Essentially, and this is simplified for the sake of this example, I have 2 tables.
Based on the Groups listed out in Table A, I need to be able to provide a total score for each type of Item.
Initially working with a subset of Test data, I merged the 2 tables and then summed up the scores. This worked for my Test data, but for the actual real data I am running into issues - due to the fact that I have 20m Groups each expanding out into 10 Items = 200m rows - PBI is taking way to long to do this and times out (keeping in mind in real life the data is a bit more complex and the tables wider)
Does anyone have any suggestions of now I might handle this more efficiently? Can't help thinking there's something obvious I'm overlooking here.
Thanks!!
Solved! Go to Solution.
There's a typo in your expected result - g is appearing 10 times not 9 times. So the total is 911, not 902.
You may want to try TREATAS as an alternative, it will likely perform better with larger data sets
I probably didn't explain well enough I think 😛
So in your SUMMARIZECOLUMNS you used GroupIDs[Group] - this is the distinct list of Groups - ie A, B , C, D each listed once.

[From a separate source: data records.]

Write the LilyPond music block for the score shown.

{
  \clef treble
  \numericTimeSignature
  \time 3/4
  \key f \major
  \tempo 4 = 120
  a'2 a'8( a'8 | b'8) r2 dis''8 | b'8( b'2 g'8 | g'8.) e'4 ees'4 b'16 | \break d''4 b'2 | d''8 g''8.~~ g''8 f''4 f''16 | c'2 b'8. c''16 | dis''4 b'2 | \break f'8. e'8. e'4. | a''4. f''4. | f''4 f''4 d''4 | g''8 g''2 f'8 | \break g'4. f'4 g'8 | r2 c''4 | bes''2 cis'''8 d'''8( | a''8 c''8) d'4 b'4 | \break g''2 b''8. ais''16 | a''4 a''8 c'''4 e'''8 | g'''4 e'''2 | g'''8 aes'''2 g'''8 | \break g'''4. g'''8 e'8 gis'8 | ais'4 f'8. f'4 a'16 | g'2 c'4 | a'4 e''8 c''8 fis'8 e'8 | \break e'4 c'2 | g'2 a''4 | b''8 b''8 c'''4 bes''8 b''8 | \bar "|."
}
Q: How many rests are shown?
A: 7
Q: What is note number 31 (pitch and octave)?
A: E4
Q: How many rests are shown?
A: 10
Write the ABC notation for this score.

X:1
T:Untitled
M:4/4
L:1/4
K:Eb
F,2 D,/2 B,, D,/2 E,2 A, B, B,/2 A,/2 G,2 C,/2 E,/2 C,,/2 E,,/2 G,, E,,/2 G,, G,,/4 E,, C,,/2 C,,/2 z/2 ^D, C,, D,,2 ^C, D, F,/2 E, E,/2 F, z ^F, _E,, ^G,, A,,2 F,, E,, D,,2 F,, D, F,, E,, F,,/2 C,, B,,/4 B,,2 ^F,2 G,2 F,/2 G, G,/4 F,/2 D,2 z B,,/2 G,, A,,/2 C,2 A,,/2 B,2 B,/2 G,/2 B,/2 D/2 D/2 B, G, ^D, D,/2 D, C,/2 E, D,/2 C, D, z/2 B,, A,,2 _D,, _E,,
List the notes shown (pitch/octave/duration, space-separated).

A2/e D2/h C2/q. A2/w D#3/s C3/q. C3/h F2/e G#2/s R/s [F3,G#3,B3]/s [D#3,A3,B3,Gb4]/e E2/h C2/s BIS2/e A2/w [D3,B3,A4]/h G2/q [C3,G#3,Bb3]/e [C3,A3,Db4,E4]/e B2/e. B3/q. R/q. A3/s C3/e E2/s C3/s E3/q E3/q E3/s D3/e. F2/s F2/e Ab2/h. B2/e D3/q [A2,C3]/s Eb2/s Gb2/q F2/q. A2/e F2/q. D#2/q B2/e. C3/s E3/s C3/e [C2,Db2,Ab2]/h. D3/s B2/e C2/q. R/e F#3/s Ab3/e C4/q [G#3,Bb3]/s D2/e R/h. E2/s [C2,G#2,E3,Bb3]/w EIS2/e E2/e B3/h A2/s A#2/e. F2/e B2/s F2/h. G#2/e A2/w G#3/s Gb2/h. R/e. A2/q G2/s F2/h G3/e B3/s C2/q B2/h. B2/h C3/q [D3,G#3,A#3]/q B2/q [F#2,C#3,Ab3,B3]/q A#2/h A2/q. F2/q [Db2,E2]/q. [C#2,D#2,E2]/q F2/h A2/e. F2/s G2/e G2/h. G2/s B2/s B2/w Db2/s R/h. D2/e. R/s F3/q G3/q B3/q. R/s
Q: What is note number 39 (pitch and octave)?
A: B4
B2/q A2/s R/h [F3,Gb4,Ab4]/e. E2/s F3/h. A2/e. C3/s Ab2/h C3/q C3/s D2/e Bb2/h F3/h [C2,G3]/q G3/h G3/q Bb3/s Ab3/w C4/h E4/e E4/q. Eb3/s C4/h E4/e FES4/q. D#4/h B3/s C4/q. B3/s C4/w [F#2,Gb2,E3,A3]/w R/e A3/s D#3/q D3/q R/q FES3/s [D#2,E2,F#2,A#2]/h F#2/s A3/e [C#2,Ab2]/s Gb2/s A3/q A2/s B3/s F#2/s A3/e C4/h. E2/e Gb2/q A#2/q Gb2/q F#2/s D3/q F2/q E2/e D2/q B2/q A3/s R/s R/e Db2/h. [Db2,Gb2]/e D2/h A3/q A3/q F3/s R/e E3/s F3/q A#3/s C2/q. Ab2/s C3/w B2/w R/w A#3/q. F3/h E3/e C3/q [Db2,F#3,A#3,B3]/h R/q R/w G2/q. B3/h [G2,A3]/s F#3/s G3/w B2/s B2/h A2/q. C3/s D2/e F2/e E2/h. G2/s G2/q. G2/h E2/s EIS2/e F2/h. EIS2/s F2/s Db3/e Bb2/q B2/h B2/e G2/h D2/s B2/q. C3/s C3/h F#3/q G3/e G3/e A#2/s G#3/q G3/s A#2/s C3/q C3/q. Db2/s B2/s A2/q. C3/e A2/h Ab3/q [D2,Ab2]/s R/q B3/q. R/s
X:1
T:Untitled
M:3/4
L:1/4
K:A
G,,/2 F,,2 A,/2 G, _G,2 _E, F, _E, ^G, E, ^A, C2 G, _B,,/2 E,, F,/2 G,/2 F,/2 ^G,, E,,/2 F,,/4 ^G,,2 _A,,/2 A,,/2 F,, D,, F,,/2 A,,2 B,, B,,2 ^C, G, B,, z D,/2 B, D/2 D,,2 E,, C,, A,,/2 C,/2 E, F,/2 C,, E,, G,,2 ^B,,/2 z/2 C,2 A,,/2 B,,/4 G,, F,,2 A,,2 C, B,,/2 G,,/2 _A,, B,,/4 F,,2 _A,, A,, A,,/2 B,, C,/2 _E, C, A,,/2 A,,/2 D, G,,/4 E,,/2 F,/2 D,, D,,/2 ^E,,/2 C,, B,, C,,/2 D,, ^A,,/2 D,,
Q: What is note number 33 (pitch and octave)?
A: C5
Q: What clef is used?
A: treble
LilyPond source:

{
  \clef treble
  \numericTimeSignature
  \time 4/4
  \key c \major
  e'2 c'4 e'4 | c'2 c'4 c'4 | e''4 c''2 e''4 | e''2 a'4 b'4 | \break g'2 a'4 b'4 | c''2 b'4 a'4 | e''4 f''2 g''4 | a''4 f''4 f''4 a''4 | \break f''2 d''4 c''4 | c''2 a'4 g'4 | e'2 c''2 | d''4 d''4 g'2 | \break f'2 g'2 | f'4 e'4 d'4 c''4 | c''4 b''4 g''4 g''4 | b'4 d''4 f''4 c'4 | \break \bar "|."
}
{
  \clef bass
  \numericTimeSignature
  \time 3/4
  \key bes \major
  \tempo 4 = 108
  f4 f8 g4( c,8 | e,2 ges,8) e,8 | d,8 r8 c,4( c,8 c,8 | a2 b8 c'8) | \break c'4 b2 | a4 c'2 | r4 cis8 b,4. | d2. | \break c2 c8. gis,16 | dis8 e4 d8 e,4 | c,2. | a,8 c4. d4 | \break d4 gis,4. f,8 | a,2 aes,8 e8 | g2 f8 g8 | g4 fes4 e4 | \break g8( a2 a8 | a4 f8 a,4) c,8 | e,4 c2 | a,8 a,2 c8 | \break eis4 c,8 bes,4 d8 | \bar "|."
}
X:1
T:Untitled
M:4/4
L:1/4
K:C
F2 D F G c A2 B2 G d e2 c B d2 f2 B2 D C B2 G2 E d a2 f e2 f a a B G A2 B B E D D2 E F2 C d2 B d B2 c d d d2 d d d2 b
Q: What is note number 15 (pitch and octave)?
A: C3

I don't have the equivilent of GroupIDs[Group] - I have to use my equvilent of Groups[Group] which has each Group appearing multiple times.
In terms of efficiency, I should do it your way - ie have one table with each unique value. If I put Groups[Group] into your formula, obviously it doesn't work as the counts and sums are all wrong.
So what's the best way to get this unique list from an efficiency point of view?
If I create it in PQ by duplicating the table and removing duplicates, it's not efficient as I have 211m rows.
Would writing it in DAX be better as a calculated table? Would this impact me using it in the formula?
Essentially - how do I create a table with just distinct values of Group so I can use it in the measure? - in the most efficient way 🙂
I see. A DAX calculated table (using VALUES for example) is more efficient but you may run into circular reference errors. Try it out.
OK I now have a really good understanding of how this all works. Many thanks I wouldn't have got there without you.
I do have one issue - I would like to know if I can create a table of distinct values within the SUMMARIZECOLUMNS formula. Due to how my real data is, I don't really have a GROUP table equivilant with a distinct listing of groups. Due to the fact creating this in PQ would have a lot of overhead due to the volume of data, I was hoping I could do something like:
SUMMARIZECOLUMNS(DISTINCT('Group Item Values'[Group]),'Group Item Values'[Item],
Doesn't work though. If I just do the DISTINCT bit, I can see it indeed creates a table with distinct Group values, but I can't work out how to use this within the SUMMARIZECOLUMNS formula. I tried assinging it to a variable but that didn't work either. Thanks!!
SUMMARIZE and SUMMARIZECOLUMNS already do the grouping for you. There is no need for DISTINCT.
You can assign tables to variables but your measure eventually needs to return a scalar value.
Please provide sample data that fully covers your issue.
Please show the expected outcome based on the sample data you provided.
I appreciate you taking the time to write this up. I had actually been looking into Summarizecolumns and Addcolumns to further my understanding, but this aides me further by clearly spelling it out. Many thanks!
I've been trying to understand how exactly "Item Count" and "Value Sum" work. Could you maybe in english just explain the logic behind them? I'm new to DAX so can't quite work it out at present! Thanks in advance.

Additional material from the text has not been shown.